一方、回転速度ωが「ω2」から次第に低下する際には、時刻t25まで、回転速度ωが低下するのに伴ってd軸電流調整指令値ΔIdは次第に上昇する。このとき、制御装置2は、弱め界磁制御を行いながら、弱め界磁電流(負のd軸電流調整指令値ΔId)を次第に減少させる。そして、時刻t25以後の回転速度ωが「ω1」未満となったときには、変調率偏差Δmがゼロ(波形切替しきい値)未満となり(ステップ#04:Yes)、積分入力調整部31から正の調整値yが出力され(図6参照)、積分器32により導出されるd軸電流調整指令値ΔIdが正の値となる。これにより強め界磁制御が実行される。その後、時刻t26まで、回転速度ωが上昇するのに伴ってd軸電流調整指令値ΔIdは次第に上昇する。このとき、制御装置2は、強め界磁制御を行いながら、強め界磁電流(正のd軸電流調整指令値ΔId)を次第に増加させる。そして、時刻t26において回転速度ωが速度しきい値ωs未満となったときには(ステップ#09:Yes)、図3に示すように、電動機4の動作点が領域A3の外になる。従って、強め界磁終了制御部5により強め界磁制御が終了され、d軸電流調整指令値ΔIdは急激に低下してゼロとなる(ステップ#10)。回転速度ωが速度しきい値ωs未満の状態では、d軸電流調整指令値ΔIdはゼロに維持される。

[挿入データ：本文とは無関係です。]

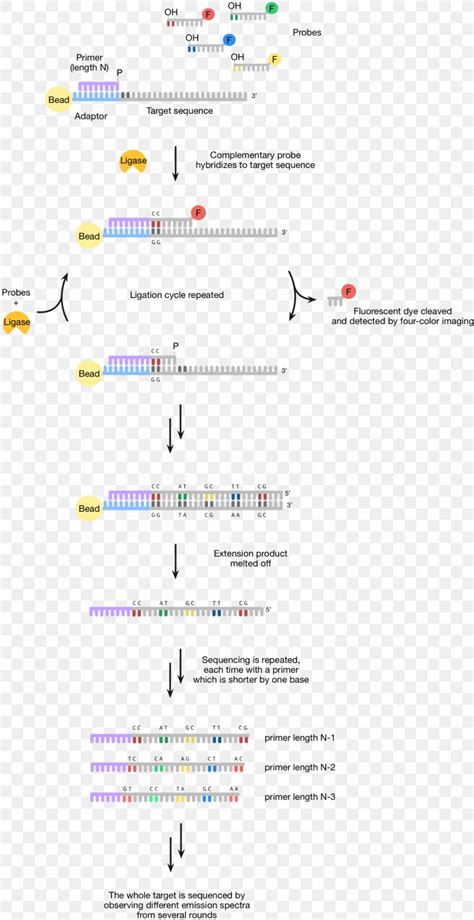 Human Genome Project Sequencing By Ligation Dna Sequencing Abi Solid
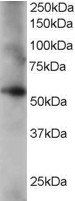 Goat anti-Coronin 3 / coronin 1C Antibody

以上より、本実施形態に係る構成によれば、図3に示すように、変調率偏差Δmがゼロ(波形切替しきい値)未満、すなわち変調率mが「0.78」未満であって、通常であれば第一制御モード(領域A1)に従ってPWM制御を行う領域においても、上述した矩形波制御許可条件を満たす場合には第三制御モード(領域A3)に従って矩形波制御が行われることになる。これにより、従来に比べて矩形波制御が行われる電動機の動作点の領域(運転領域)を広げることができる。従って、矩形波制御を行うことによるスイッチング損失の低減の効果を、より広い領域で得ることが可能となる。また、このような矩形波制御を行うに際して、d軸電流調整指令値ΔIdを正方向に変化させて電動機4の界磁磁束を強める強め界磁制御を行うため、変調率mが「0.78」に固定される矩形波制御中にも、必要な目標トルクTM及び回転速度ωを電動機4に出力させることができる。更に、矩形波制御許可条件として、d軸電流調整指令値ΔIdの値、目標トルクTM、及び回転速度ωに関する条件を設定し、第三制御モードによる矩形波制御及び強め界磁制御を行う範囲を適切に規定しているので、強め界磁の程度が大きくなることによる効率低下が拡大することが抑制されるとともに、電動機4の動作状態も適切な状態に維持される。従って、インバータ6におけるスイッチング損失を低減して電動機駆動装置1及び制御装置2の効率を高めることができる構成となっている。
4.その他の実施形態
(1)上記の実施形態では、変調率偏差Δmを電圧指標として用いる場合を例として説明した。しかし、本発明の実施形態はこれに限定されるものではない。従って変調率mを電圧指標として用いる構成とすることも、本発明の好適な実施形態の一つである。この場合、波形切替しきい値は「0.78」となり、強め界磁しきい値Δmsは、例えば「0.71」となる。また、変調率偏差Δmに代えて直流電圧Vdcと比較可能な値に換算した交流電圧指令値Vd、Vqと直流電圧Vdcとの偏差である電圧偏差を導出する構成とし、当該電圧偏差を電圧指標として用いる構成とすることも、本発明の好適な実施形態の一つである。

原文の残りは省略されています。